__Problem requirements__. Starting at the line holding "NeWEEN Triangle Shade" and finishing at the line holding "Express Tropical cut-out dress", transcribe the material exactly, keeping both ends but no pictures.

BEGIN Available records

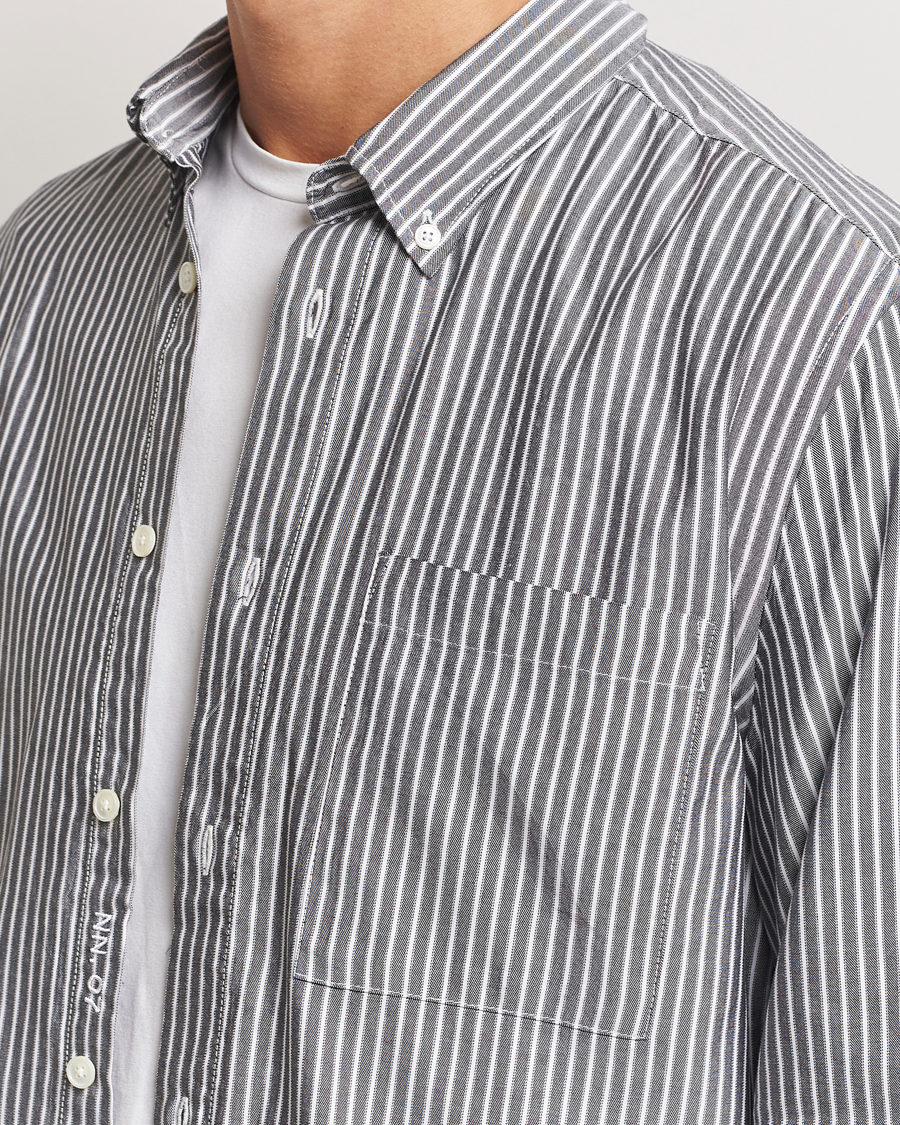 Herren | Hemden | NN07 | Arne Tencel Striped Shirt Black/White
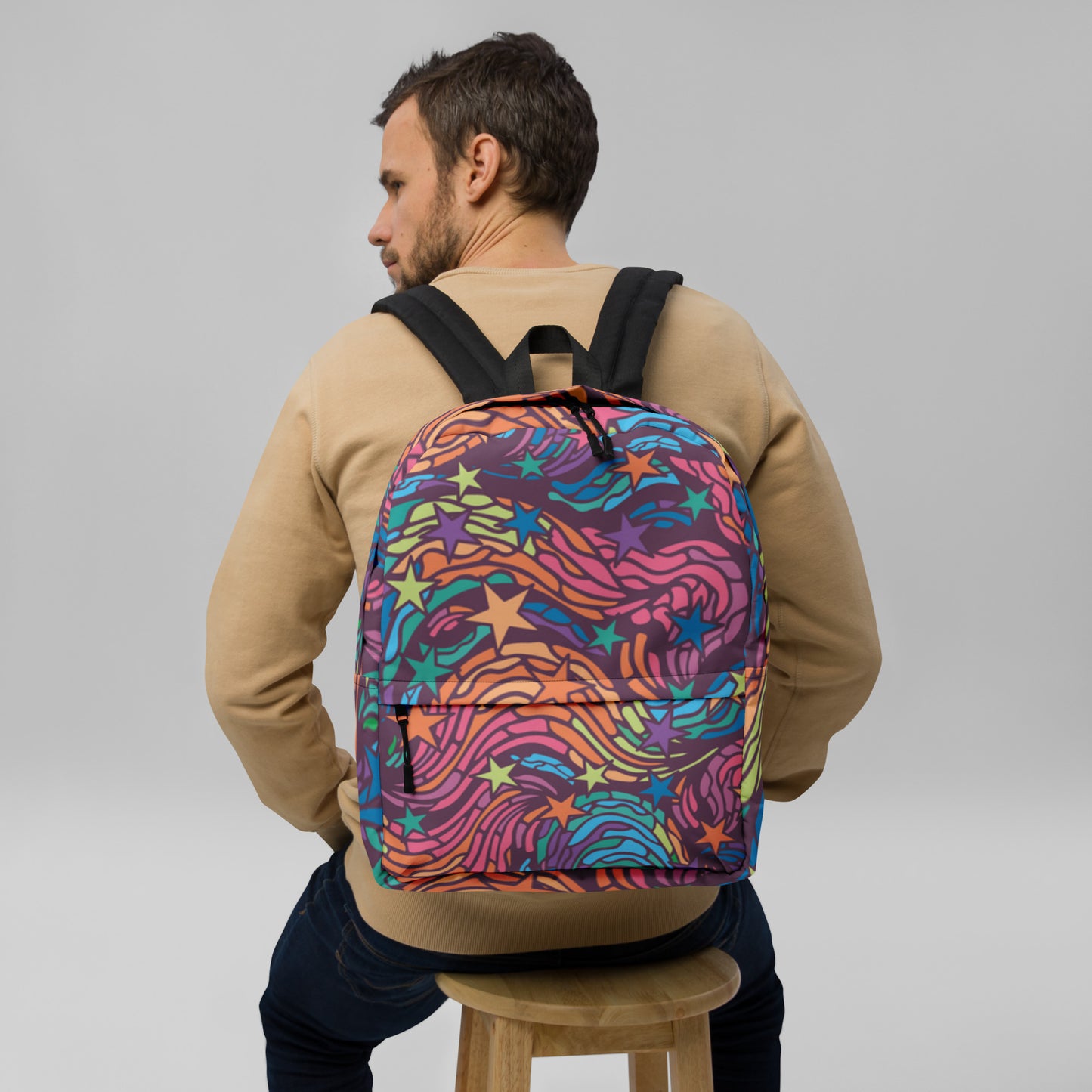 All-Over Print Backpack – Rainbow Starburst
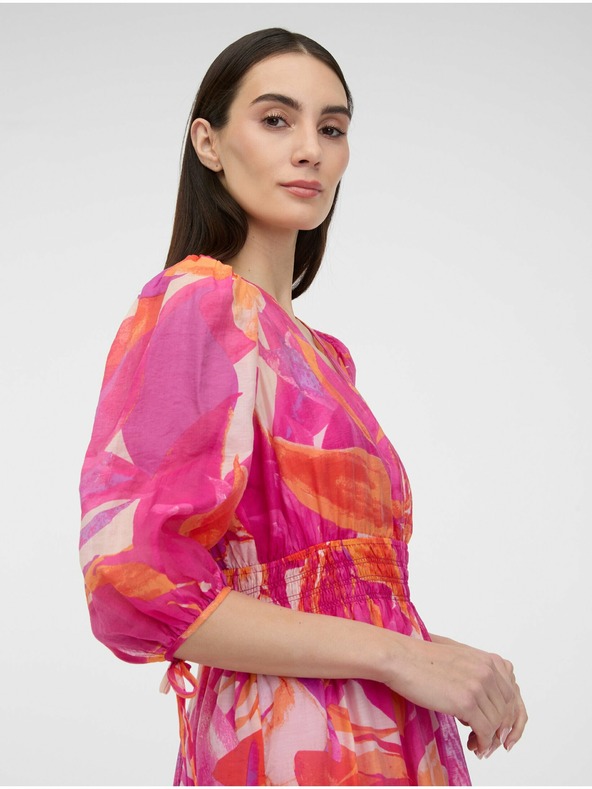 Orsay Tmavě růžové dámské midi šaty ORSAY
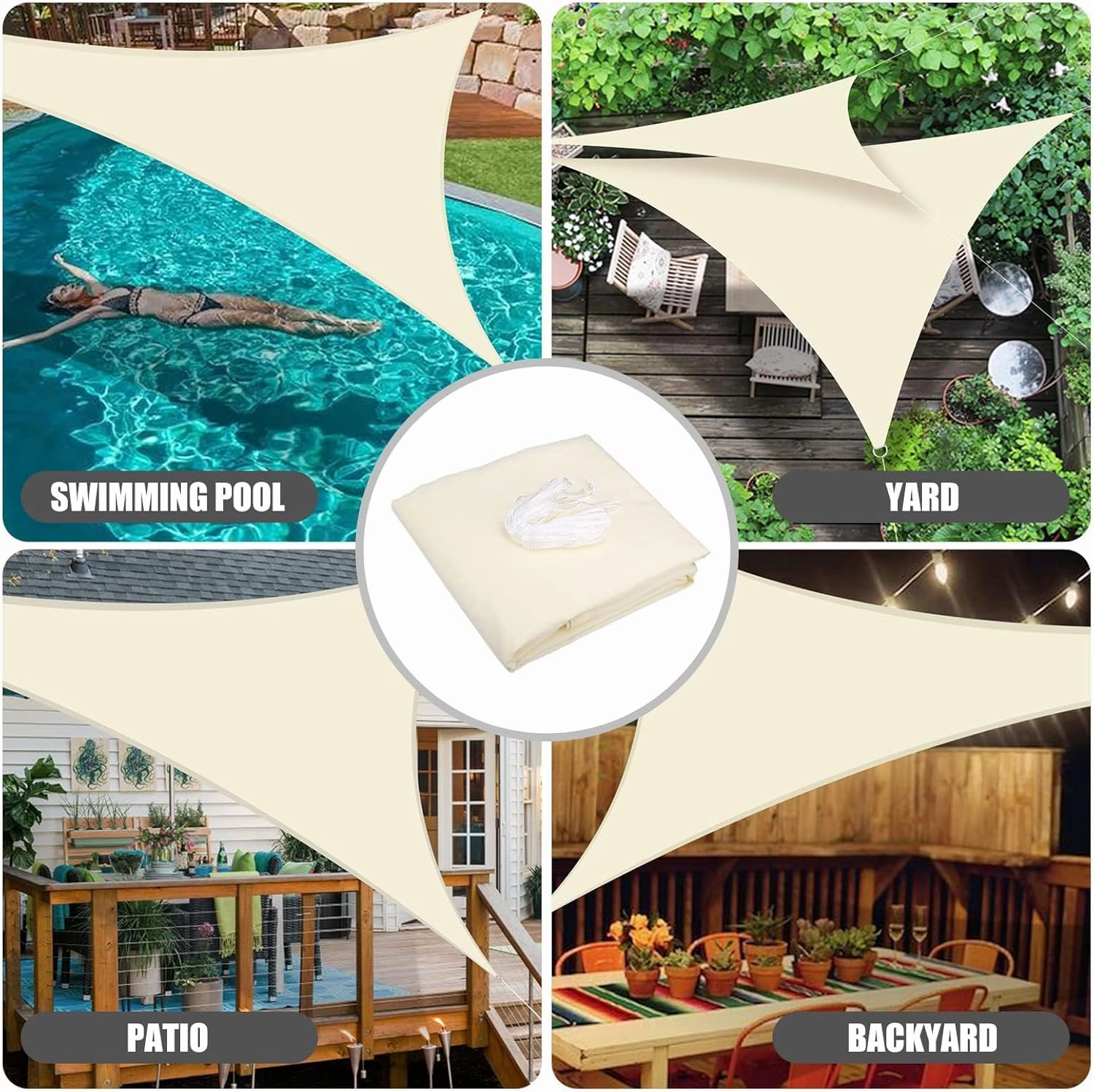 NeWEEN Triangle Shade Sail Sun Shade - 9' x 9' x 9' Waterproof UV Block Beige
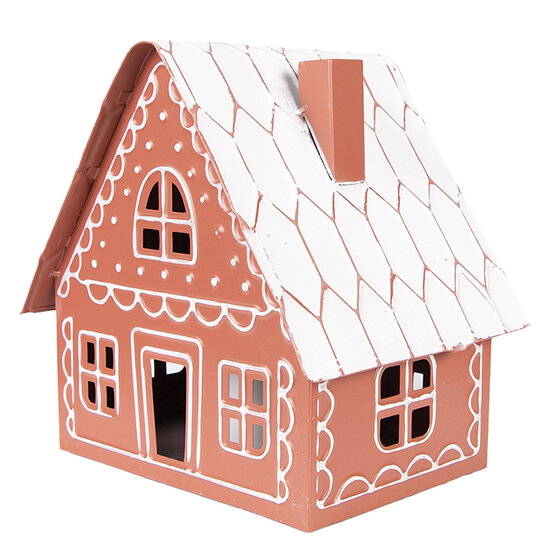 Clayre &amp; Eef | Decoratie Huis met LED Bruin Wit 23x18x23 cm / 3x AAA | 6Y5978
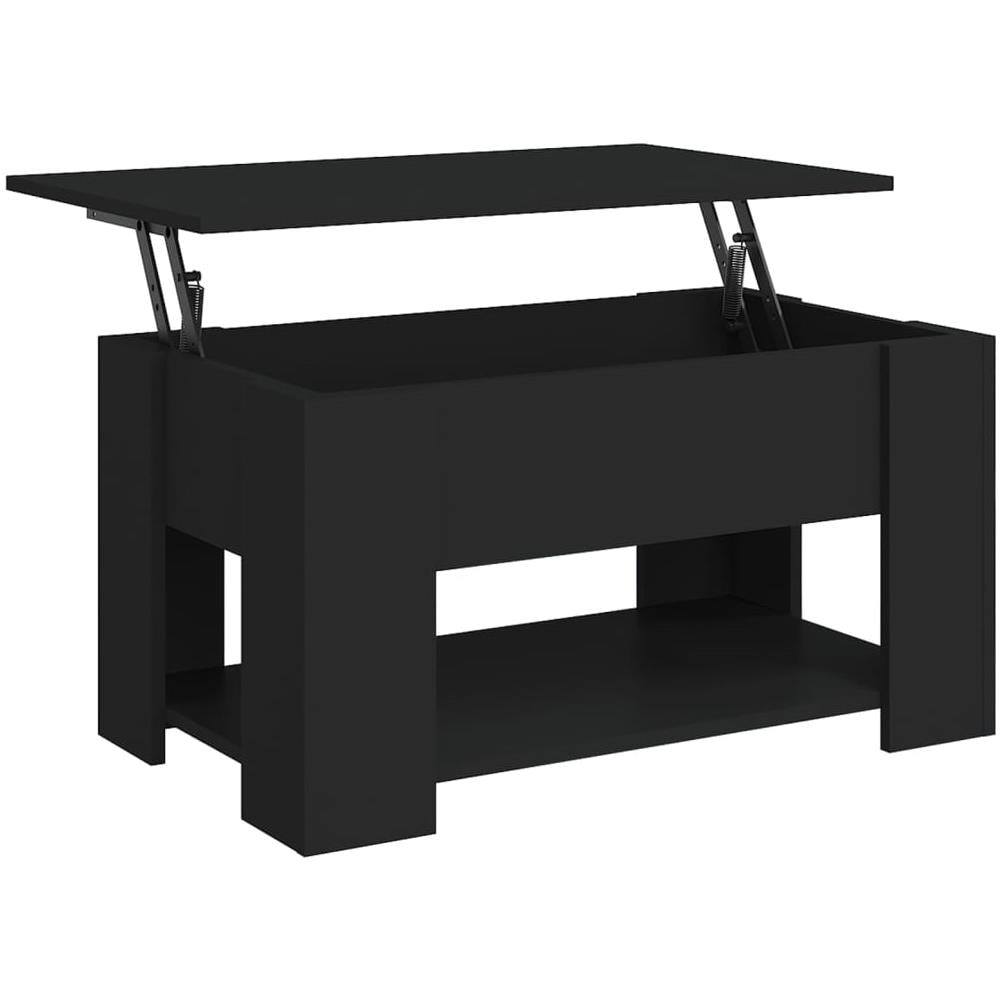 Tavolino Da Salotto Nero 79x49x41 Cm In Legno Multistrato - Foto 1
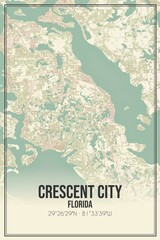 Retro US city map of Crescent City, Florida. Vintage street map.
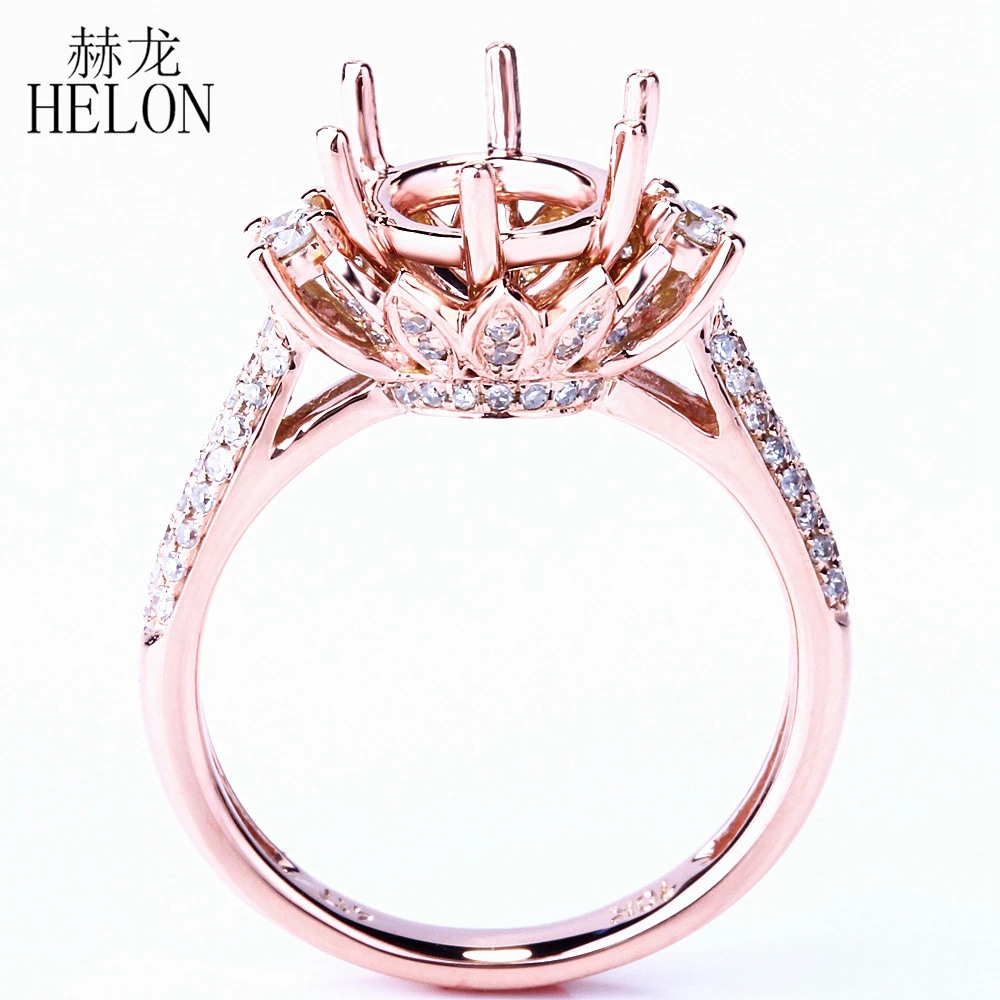 Розовое золото HELON Solid 14K (585) круглая огранка 8 9 мм полузакрепка настоящие 0 4 карат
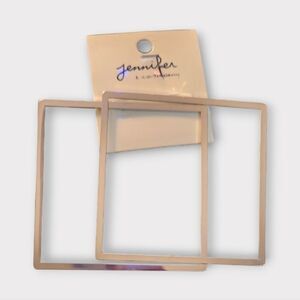 Jennifer & Company Large Silvertone Square Pierced Earrings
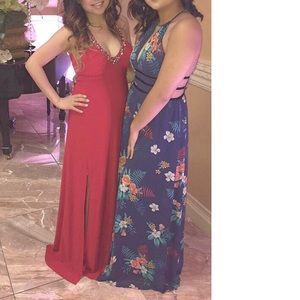 Express Tropical cut-out dress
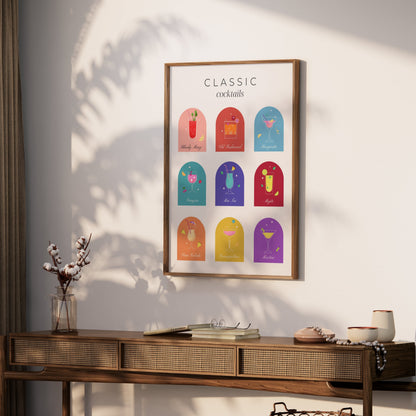 Premium Poster of Classic Cocktails Collection Wall Art Posters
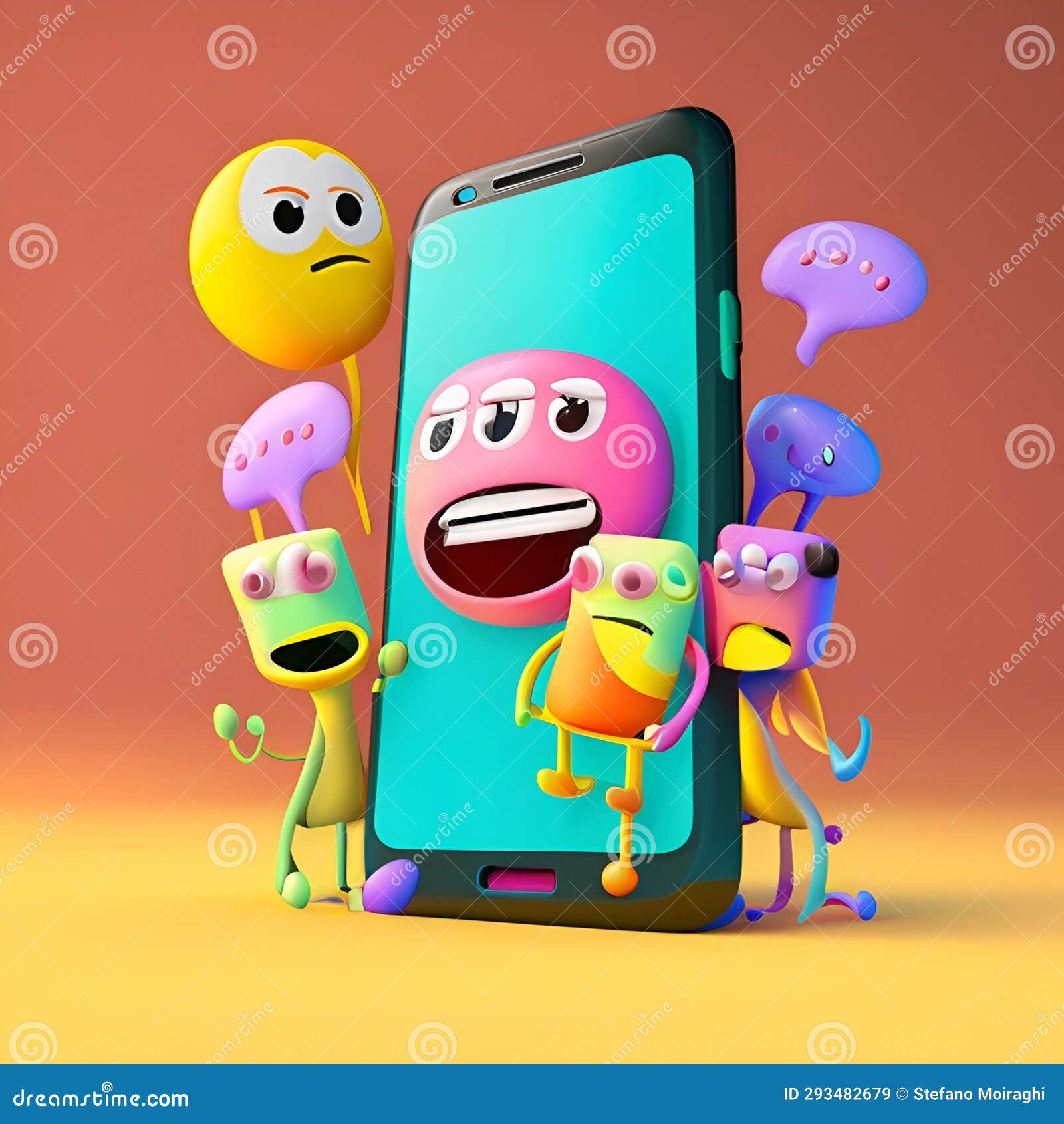 smartphone world illustrazione in cartoon style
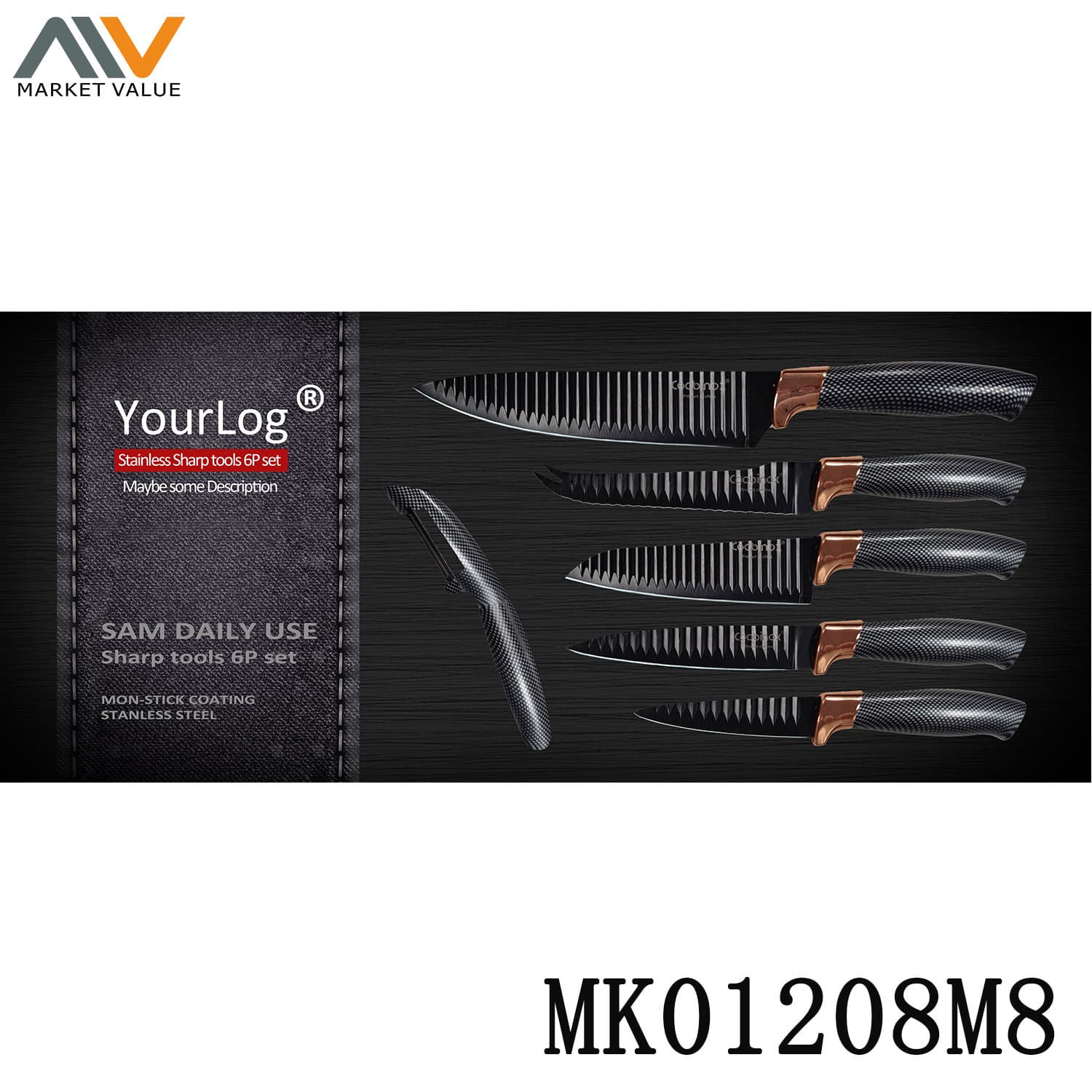 MK01208M8 5Pcs Knife Set + Peeler Black Blade In Box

END Available records

__Exercise response__.
 NeWEEN Triangle Shade Sail Sun Shade - 9' x 9' x 9' Waterproof UV Block Beige
 Clayre &amp; Eef | Decoratie Huis met LED Bruin Wit 23x18x23 cm / 3x AAA | 6Y5978
 Tavolino Da Salotto Nero 79x49x41 Cm In Legno Multistrato - Foto 1
 Retro US city map of Crescent City, Florida. Vintage street map.
 Розовое золото HELON Solid 14K (585) круглая огранка 8 9 мм полузакрепка настоящие 0 4 карат
 Jennifer & Company Large Silvertone Square Pierced Earrings
 Express Tropical cut-out dress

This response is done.